Word for word, print out all of the data, omitting every image.

**Data shown:**
____
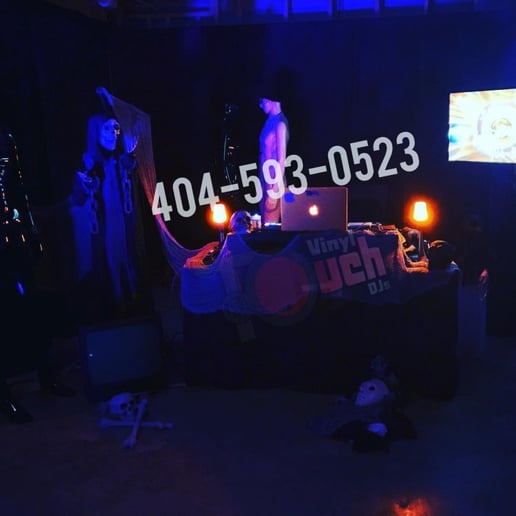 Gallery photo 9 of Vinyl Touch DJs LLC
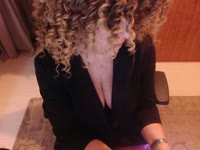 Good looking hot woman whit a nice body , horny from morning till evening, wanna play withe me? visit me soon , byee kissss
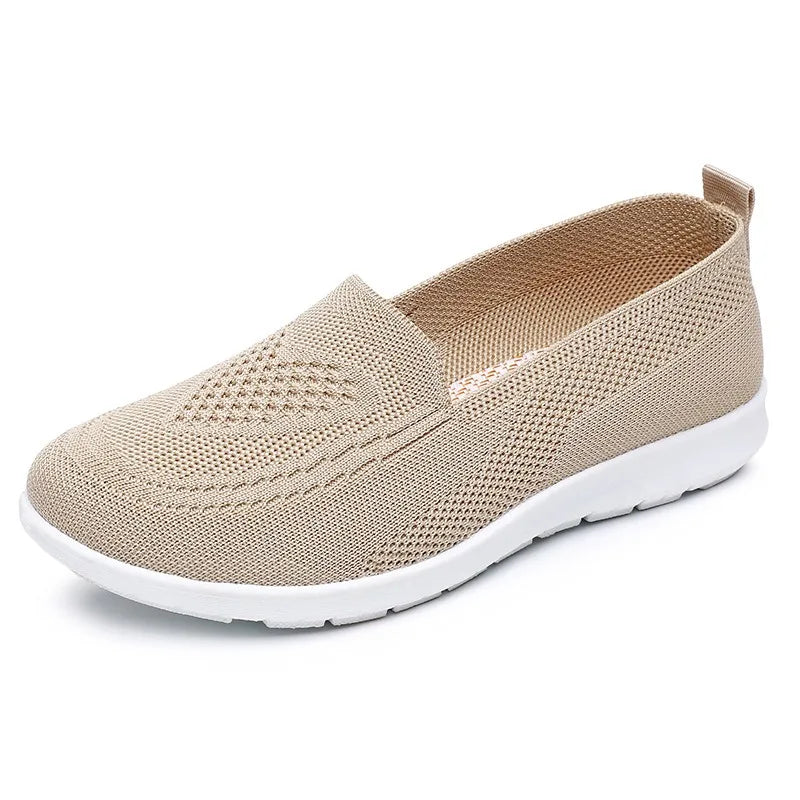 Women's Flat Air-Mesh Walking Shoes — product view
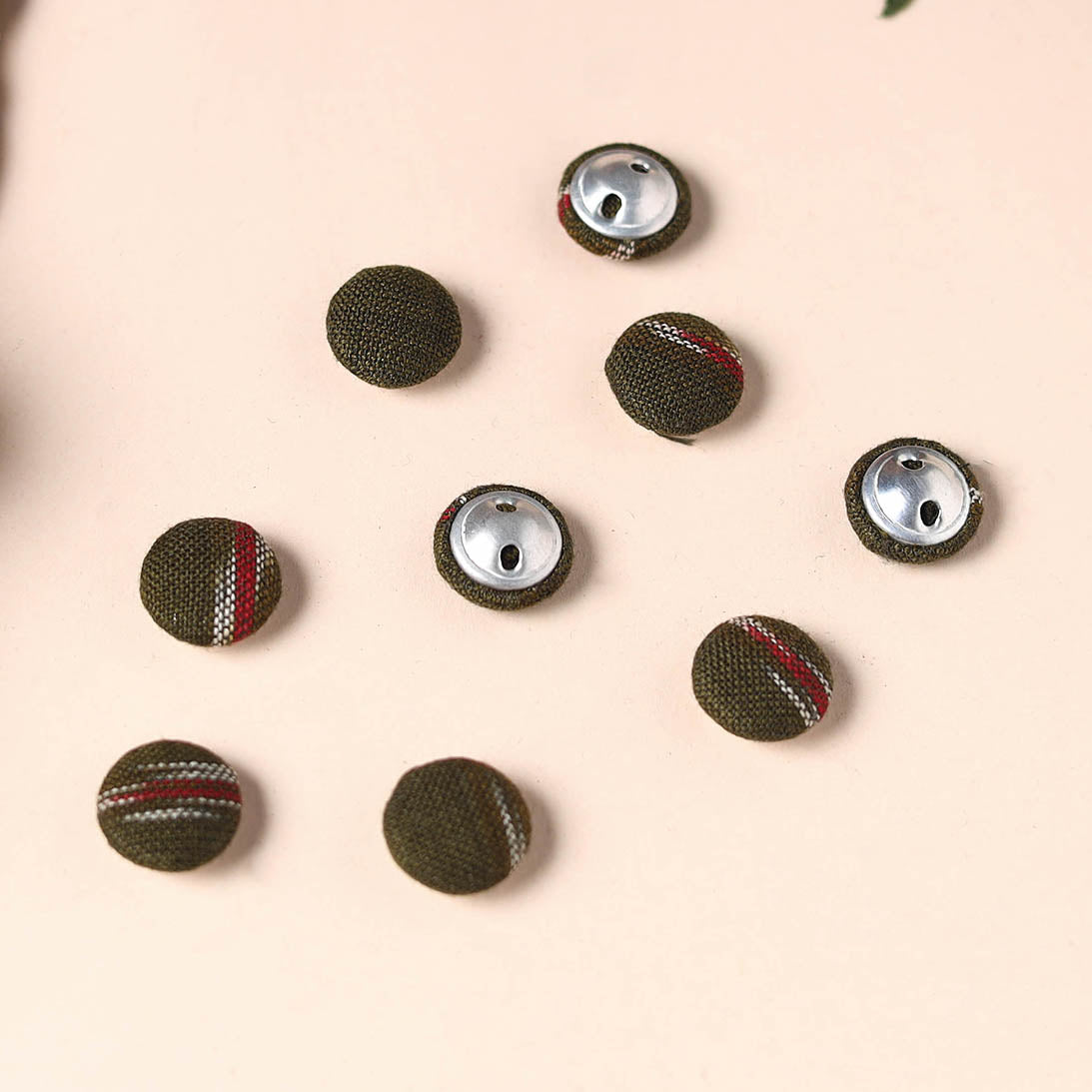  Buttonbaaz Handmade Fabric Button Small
____
**Response box:**
 Gallery photo 9 of Vinyl Touch DJs LLC
 Good looking hot woman whit a nice body , horny from morning till evening, wanna play withe me? visit me soon , byee kissss
 Women's Flat Air-Mesh Walking Shoes — product view
  Buttonbaaz Handmade Fabric Button Small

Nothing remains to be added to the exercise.